Üçüncü tür ise gizli servisler tarafından bu konudaki gönüllü gazetecilere yaptırılan en tehlikeli olanı Bilgi Operasyonları yani Kara Propaganda'dır. Bu gazeteciler, İngiliz Gizli Servisleri'ndeki Özel Operasyon Bölümü'nün üst düzey yetkilileri tarafından doğrudan yönlendirilirler. The Sunday Telegraph Dış Haberler Editörü Con Couglin, “bir İngiliz bankacıya” dayandırarak Libya lideri Albay Kaddafi'nin oğlunun adının kalpazanlığa karıştığını yazmış fakat bu haberin aslında İngiliz istihbaratı tarafından sızdırıldığı sonradan ortaya çıkmıştı.”

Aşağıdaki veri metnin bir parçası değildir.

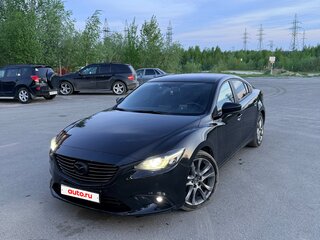 2016 Mazda 6 III (GJ) Рестайлинг, чёрный, 1550000 рублей, вид 1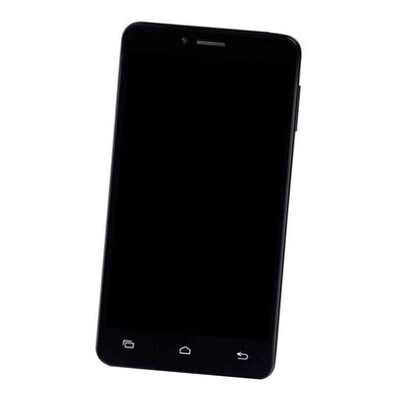 Back Panel Cover For Rio Mobile Paris Black - Maxbhi Com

Oxford eğitimli Con Coughlin'in meslekteki ilk önemli görevi 1983 yılında Amerika'nın Granada'yı işgaini izlemesi oldu. Ardından Lübnan İç savaş'ını izlemek üzere Beyrut'a gönderildi. Ortadoğu ve uluslararası terörizme olan yakın ilgisi de orada başladı. Meslek yaşamının neredeyse tamamını Telegraph Grubu'nda geçiren Coughlin, gazetenin Kudüs bürosunu kurdu ve yönetti. Nisan 1986’da bir başka İngiliz gazeteci John McCarthy’nin Hizbullah tarafından kaçırılmasından bir gün önce, Beyrut’ta Hizbullah’ın silahlı adamları tarafindan kaçırılmaktan son anda kurtulabildi. 1989’da Coughlin Londra’ya döndü. Sunday Telegraph’ın Dış Haberler Kıdemli Muhabiri olarak çalışmaya başladı. Sonraki yıllarda pek çok terfiler aldı, 1997’de Dış Haber Editörü ve 1999’da Sorumlu Editör oldu. Bir yıl sonra Sunday Telegraph Britanya Basın Ödülleri’nin prestijli ödülü “yılın gazetecisi” ödülüne layık görüldü.
Irak savaşı boyunca CNN’nin analistlerinden oldu ve Fox News, CBS, NBC ve abc’de de düzenli olarak ekrana çıktı. Savaştan sonra NBC/MSNBC için analist olarak çalıştı. Simdilerde, Amerikan ve Britanya radyo ve televizyonunda düzenli olarak, özellikle Afganistan, Orta Doğu, savunma ve global güvenlik konuları başta olmak üzere uluslararası konularda yayınlar yapmakta. İran ve Irak üzerine yayınlanmıs kitapları var.
AKP: Telegraph özür dile ve haberi sil
AKP Genel Başkan yardımcısı Ömer Çelik, İngiltere'de yayımlanan Daily Telegraph gazetesinin internet sitesindeki 'İran Türkiye'nin iktidar partisine 25 milyon dolar bağışlıyor' başlıklı makale nedeniyle özür dilenmesini ve makalenin gazetenin internet sitesinden silinmesini istedi.
Çelik, yaptığı yazılı açıklamada, gazetenin editörüne hitaben yazdığı yazıda, haberin AKP olarak kendilerini şaşkınlığa uğrattığını söylerken "Böyle bir olay asla gerçekleşmediği gibi, haberinizdeki iddialar hiçbir kanıta dayanmamaktadır. Yalanlardan başka hiçbir şeye dayanmayan bu haberi kati olarak reddediyor ve partimiz aleyhine yapılmış böylesine temelsiz ve sinsi bir iddianın gazetenizde nasıl basılmış olabileceğine dair derhal bir açıklama bekliyoruz." diye konuştu.
Çelik, bu konuyu ulusal ve uluslararası mahkemelere götürme hakkını da saklı tuttuklarını ifade etti.